Biographical details
- Born: October 24, 1980 (age 45) Somerville, New Jersey, U.S.
- Education: New Haven University (2003)

Playing career
- 1998–2002: New Haven
- Position: Quarterback

Coaching career (HC unless noted)
- 2003: Hofstra (GA)
- 2004: Fort Scott (WR)
- 2005–2007: Rutgers (GA)
- 2008–2013: Rhode Island (ST/RB)
- 2014–2017: Delaware (ST/TE)
- 2018–2021: Connecticut (ST)
- 2022–present: Rutgers (STC)

= Eddie Allen (American football coach) =

American football coach and player (born 1980)

Edward Allen (born October 24, 1980) is an American college football coach and former player. He currently is a special teams assistant for Rutgers. He previously was recently the Special Teams Coordinator at the University of Connecticut. He has coordinated special teams for the majority of his coaching career. Before UConn, Allen had coaching stops at Hofstra, Fort Scott Community College, Rutgers, Rhode Island, and Delaware.

==Playing career==
Allen played quarterback for the New Haven Chargers, an NCAA Division II school in West Haven, Connecticut. He was a four-year letterwinner for head coach and offensive coordinator, and former Miami Dolphins and Oakland Raiders head coach, Tony Sparano.

==Coaching career==
Allen got his coaching start in 2003 as a graduate assistant and video coordinator at Hofstra.
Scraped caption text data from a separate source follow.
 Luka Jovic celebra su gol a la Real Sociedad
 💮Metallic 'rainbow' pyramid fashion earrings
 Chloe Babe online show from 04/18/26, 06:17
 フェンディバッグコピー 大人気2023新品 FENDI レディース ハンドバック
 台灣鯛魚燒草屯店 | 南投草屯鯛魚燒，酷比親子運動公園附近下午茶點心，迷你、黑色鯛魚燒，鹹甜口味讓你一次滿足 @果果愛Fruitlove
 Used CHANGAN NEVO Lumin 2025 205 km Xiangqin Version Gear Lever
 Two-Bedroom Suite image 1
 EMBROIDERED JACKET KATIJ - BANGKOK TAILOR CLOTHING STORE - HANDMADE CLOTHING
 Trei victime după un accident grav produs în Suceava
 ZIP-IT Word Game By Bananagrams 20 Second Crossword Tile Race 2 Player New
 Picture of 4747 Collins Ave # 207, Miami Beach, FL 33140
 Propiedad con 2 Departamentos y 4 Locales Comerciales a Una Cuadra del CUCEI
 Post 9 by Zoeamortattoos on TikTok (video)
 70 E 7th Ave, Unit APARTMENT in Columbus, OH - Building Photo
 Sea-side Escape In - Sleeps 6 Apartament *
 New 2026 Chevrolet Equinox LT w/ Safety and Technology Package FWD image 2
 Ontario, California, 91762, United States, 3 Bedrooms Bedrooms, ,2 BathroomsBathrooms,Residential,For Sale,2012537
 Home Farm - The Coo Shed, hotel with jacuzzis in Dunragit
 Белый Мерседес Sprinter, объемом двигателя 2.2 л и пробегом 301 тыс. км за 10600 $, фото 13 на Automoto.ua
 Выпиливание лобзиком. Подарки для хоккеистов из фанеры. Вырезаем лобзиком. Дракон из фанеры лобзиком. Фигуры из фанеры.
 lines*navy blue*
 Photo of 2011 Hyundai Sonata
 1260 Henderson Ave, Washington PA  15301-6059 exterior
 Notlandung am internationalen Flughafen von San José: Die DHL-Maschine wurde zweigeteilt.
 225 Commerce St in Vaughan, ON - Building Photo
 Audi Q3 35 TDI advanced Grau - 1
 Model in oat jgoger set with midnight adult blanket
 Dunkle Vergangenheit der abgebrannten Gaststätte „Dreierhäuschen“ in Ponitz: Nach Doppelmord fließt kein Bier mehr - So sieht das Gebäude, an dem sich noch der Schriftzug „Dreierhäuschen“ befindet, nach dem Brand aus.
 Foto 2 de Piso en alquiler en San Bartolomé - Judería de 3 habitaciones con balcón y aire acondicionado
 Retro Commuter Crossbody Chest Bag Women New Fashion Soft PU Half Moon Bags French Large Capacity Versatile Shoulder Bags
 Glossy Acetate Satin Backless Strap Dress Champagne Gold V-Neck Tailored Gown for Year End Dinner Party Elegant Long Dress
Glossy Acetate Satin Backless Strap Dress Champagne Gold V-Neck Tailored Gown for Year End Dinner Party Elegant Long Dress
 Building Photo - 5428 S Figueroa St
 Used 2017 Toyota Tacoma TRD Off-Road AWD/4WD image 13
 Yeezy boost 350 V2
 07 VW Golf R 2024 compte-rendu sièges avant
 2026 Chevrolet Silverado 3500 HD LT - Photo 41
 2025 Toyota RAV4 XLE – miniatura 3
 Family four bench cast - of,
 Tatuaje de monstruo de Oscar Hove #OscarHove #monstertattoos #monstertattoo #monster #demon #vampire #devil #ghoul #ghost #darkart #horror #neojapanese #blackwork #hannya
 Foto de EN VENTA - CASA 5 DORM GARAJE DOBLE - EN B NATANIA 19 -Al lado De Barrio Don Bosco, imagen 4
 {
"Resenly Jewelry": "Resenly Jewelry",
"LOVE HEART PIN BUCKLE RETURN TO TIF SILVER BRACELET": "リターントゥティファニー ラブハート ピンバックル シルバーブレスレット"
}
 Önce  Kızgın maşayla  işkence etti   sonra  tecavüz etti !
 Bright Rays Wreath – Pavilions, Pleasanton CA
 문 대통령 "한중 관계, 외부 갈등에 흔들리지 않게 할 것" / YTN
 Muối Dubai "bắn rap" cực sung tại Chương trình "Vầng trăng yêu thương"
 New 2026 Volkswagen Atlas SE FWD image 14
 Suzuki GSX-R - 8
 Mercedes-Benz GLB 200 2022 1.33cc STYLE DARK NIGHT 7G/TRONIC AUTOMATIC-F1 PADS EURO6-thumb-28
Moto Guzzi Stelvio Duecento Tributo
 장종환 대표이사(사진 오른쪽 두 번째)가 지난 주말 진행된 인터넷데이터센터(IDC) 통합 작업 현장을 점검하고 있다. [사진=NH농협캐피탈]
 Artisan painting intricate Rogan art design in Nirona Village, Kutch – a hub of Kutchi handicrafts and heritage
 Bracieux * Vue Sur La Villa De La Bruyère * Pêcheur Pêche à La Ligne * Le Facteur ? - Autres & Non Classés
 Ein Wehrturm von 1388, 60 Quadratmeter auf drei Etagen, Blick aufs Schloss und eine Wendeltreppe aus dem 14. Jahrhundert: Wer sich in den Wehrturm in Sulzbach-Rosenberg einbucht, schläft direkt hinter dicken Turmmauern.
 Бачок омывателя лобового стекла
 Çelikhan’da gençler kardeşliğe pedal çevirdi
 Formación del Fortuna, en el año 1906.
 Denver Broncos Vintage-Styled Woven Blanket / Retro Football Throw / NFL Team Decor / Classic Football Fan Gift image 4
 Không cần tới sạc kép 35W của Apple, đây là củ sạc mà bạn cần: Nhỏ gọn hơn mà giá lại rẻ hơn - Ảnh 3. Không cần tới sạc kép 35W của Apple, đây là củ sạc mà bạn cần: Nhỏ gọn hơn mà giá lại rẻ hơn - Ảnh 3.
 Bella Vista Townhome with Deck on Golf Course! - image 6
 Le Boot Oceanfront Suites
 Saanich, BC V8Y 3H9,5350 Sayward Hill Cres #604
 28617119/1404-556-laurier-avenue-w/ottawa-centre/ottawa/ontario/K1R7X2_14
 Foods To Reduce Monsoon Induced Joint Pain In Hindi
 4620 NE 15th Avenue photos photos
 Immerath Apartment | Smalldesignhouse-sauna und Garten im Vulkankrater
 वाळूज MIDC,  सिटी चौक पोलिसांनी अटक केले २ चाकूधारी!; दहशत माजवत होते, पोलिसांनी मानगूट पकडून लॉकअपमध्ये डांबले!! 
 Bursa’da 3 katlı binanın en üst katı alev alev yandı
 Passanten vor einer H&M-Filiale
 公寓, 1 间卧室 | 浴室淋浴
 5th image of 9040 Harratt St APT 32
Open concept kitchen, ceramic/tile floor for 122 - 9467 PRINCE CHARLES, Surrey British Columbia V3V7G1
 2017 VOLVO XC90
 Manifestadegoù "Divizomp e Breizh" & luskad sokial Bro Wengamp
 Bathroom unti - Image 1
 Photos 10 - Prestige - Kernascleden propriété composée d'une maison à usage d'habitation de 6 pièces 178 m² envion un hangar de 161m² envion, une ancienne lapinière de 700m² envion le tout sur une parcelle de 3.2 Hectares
In 2004, Allen coached the wide receivers at Fort Scott Community College.

The next three years, 2005–2007, Allen was on Greg Schiano’s staff at Rutgers. In 05 and 06, Allen worked as a player development assistant, before moving into a graduate assistant role in 2007.

From 2008 to 2013, Allen was in charge of the special teams for Rhode Island.

From 2014 to 2017, Allen was the Special Teams Coordinator and tight ends coach. While there, he helped develop All-American tight end and Baltimore Ravens draft selection, Nick Boyle.

In February 2018, UConn Head Coach Randy Edsall announced Eddie Allen as his new special teams coordinator. He was paid $165,000 annually.

==Personal life==
Allen and his wife, Kristin, have four children, daughters, Makayla and Brooklyn, and sons Austin and Jackson.